No "Clash of Civilisations" for Tony, I'm glad to say. Also interesting, he begins the whole speech by talking about how the socialist Labor Party he leads is the only party ever to introduce anti-discrimination legislation in the UK and how whites have become more tolerant of multi-cultural Britain over the years. Then there's this:
The whole point is that multicultural Britain was never supposed to be a celebration of division; but of diversity. The purpose was to allow people to live harmoniously together, despite their difference; not to make their difference an encouragement to discord. The values that nurtured it were those of solidarity, of coming together, of peaceful co-existence. The right to be in a multicultural society was always, always implicitly balanced by a duty to integrate, to be part of Britain, to be British and Asian, British and black, British and white. Those whites who support the BNP's policy of separate races and those Muslims who shun integration into British society both contradict the fundamental values that define Britain today: tolerance, solidarity across the racial and religious divide, equality for all and between all.

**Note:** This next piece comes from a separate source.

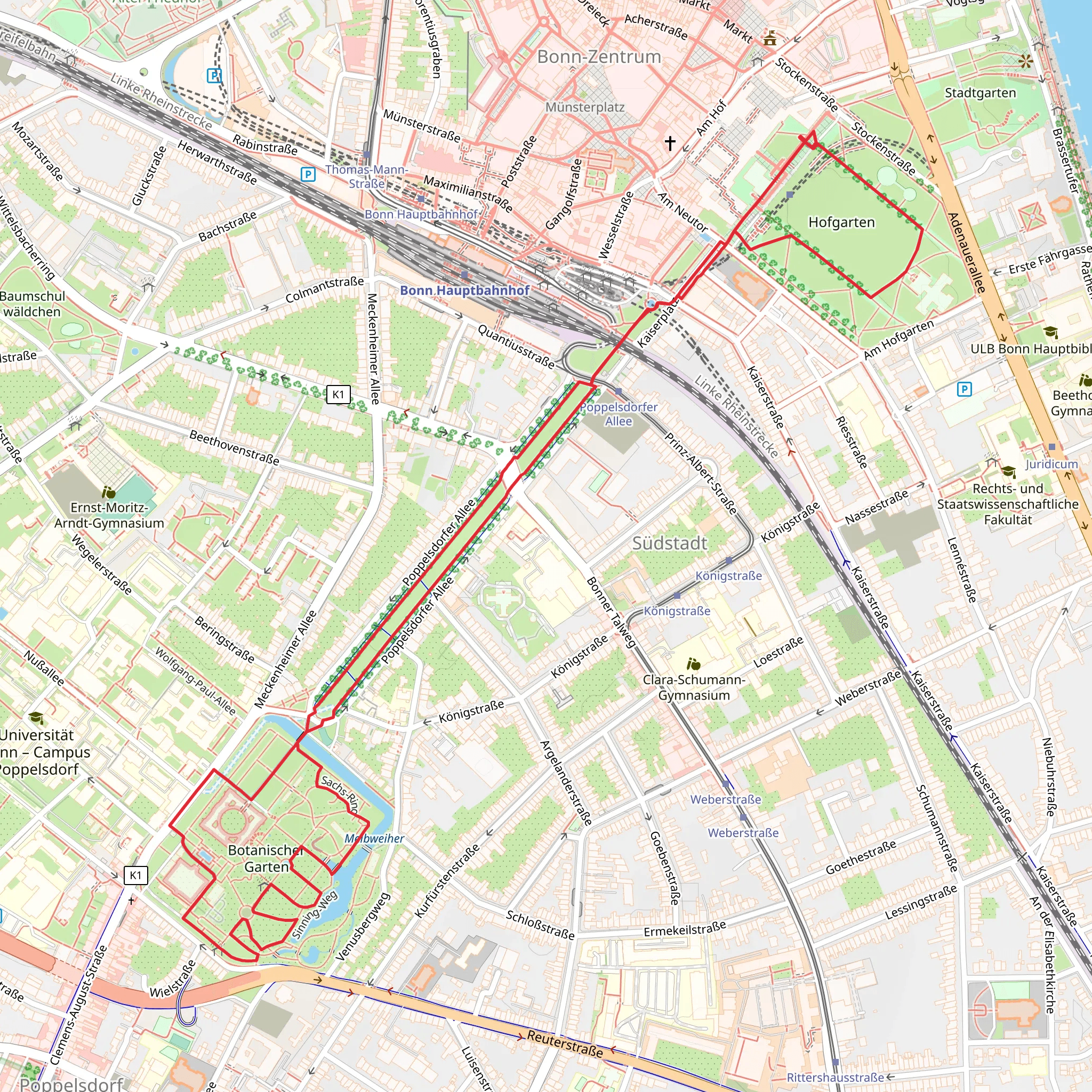 Innenstadt and Sinning Weg mobile static map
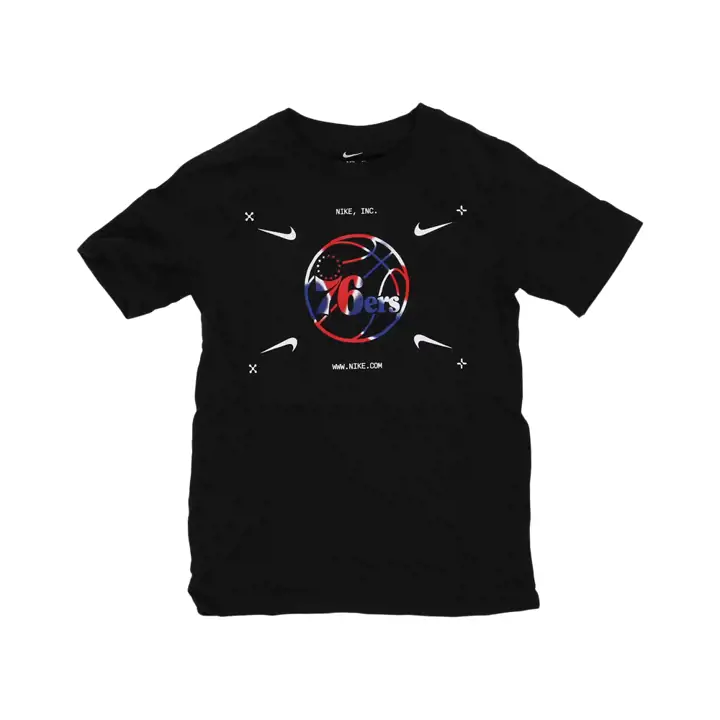 T-shirt essentiel à logo Philadelphia 76ers NBA pour jeune - Noir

So it is not that we need to dispense with multicultural Britain. On the contrary we should continue celebrating it.
Which comes right before that key phrase "We must respect both our right to differ and the duty to express any difference in a way fully consistent with the values that bind us together."

My guess, there will be legislation and education initiatives to make support for extremist Islamist ideology as abhorent as support for white supremacist ideology. Which is as it should be. There will be more use of current legislation to enforce equal treatment of, for instance, women and other religions (watch out, evangelists) in religious settings and faith schools of all stripes. Again, I'm fine with that. There is to be a requirement for competence in English for citizenship. Again, not a problem. Even native-born Welsh, Irish and Gaelic speakers are expected to be bilingual.

Tony may be a poodle for Bush in foreign policy, and a control freak like all his New Labour kin when it comes to dissent against his accepted line, but on this he's hit the common thread, the Mother Lode of British multiculturalism. He notes that no mainstream UK party would use race as a political card - that it is inconceivable that the current Conservative leader would do so, for instance. Unfortunately, that isn't true of the Torygraph. They truncated Blair's closing sentences in the quote they provide in their main article. The actual final phrasing was:
The right to be different. The duty to integrate. That is what being British means. And neither racists nor extremists should be allowed to destroy it.
It is illuminating that the Telegraph - the UK's primary media home of "Little England" Islamophobia and generalised white supremacist racism - decided to leave off that last sentence.